ZÉ PANTA

Crônicas

Luiz Nogueira

Colaboração do muralista Roberval Noia


Alto e magro, achava-se um "moreno queimado pelo sol". Preto, nunca! Passava muito cedo vendendo pães da padaria do "Seu" Siloé. Mesmo muito jovem tinha incomuns arranjos de inteligência. Ninguém que o tentasse pegar com tapeações. Tinha respostas fulminantes. Ria de outro vendedor de pães quando dizia para a minha mãe:

– Imagine a senhora que aquele vendedor de pão ao invés de dizer "pão petrópolis", sai por aí gritando "pão petróleo.

E depois, dava boas gargalhadas.

Um dia Zé Panta fabricou uma "sopa", espécie de ônibus, com tábuas de caixões de querosene, frágeis. Um sucesso! O ônibus cabia quatro pessoas e descia a ladeira do velho Fomento Agrícola, indo parar nas areias do Ipanema. Algo inédito, a "sopa" revelava o engenheiro escondido que havia naquele menino cheio de arranjos de inteligência. E não espantava ouvir as pessoas afirmarem:

– Um gênio! Só precisa de uma escola superior.

Mas as noites de lua e o violão exerciam mais fascínio sobre o menino, que crescia e se fazia homem. Homem que adorava um terno de linho irlandês, branco, a balançar a vento. Tanto que, indagado sobre o preço do terno respondia:

– Quem dá o preço é o vento.

Depois ria, dava alguns passos e olhava para todos de modo sobranceiro.

Um dia criou um conjunto musical. Dava festas. Fazia serenatas. E mais que isso, havia criado uma variante para dançar o bolero. Tinha um jeito especial de frear o passo, subitamente, e trazer a dama sobre o seu joelho aproximando-a do seu corpo e do seu rosto. Depois soltava-se, ágil como um pássaro, liberando a dama para, outra vez atraí-la como um imã e, novamente repetir a cena do passo onde parava subitamente, arrancando aplausos nos salões onde a fumaça dos cigarros criava fantasias sobre as lâmpadas multicoloridas. E isso não bastasse a sua voz já era comparada com as das aves canoras.

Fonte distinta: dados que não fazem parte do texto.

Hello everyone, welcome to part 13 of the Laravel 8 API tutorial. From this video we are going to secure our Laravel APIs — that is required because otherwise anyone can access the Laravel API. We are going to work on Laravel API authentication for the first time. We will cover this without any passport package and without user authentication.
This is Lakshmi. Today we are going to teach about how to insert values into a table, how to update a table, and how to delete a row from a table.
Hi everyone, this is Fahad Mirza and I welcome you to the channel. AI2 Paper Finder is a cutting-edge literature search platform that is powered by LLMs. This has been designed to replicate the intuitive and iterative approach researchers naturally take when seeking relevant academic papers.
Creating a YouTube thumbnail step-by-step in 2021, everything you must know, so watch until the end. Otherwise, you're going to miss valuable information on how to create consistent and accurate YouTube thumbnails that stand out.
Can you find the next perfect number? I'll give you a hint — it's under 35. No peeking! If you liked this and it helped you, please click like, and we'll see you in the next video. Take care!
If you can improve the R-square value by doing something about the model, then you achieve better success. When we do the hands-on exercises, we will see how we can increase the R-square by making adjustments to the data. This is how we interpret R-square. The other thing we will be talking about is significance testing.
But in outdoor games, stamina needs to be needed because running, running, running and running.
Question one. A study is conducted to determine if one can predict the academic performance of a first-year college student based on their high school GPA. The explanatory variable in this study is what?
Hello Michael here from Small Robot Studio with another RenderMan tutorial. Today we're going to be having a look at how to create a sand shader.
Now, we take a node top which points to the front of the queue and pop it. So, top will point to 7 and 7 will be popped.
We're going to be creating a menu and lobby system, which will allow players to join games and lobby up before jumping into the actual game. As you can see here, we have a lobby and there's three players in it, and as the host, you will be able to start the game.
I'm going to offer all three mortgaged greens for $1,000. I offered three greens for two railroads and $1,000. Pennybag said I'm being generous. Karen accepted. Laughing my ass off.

Um dia, abrilhantando uma festa noutra cidade e depois de muitos aplausos foi até o bar. Tomava uma cerveja quando alguém o surpreendeu:

– Estou perplexo com a sua voz e a sua dança. Todos, aliás !

Já embriagado Zé Panta respondeu-lhe, esquecido de que estava numa cidade que gozava da desagradável alcunha de Cornelândia, por parte da má vontade popular:

– Ou o espanto é porque não tenho chifres?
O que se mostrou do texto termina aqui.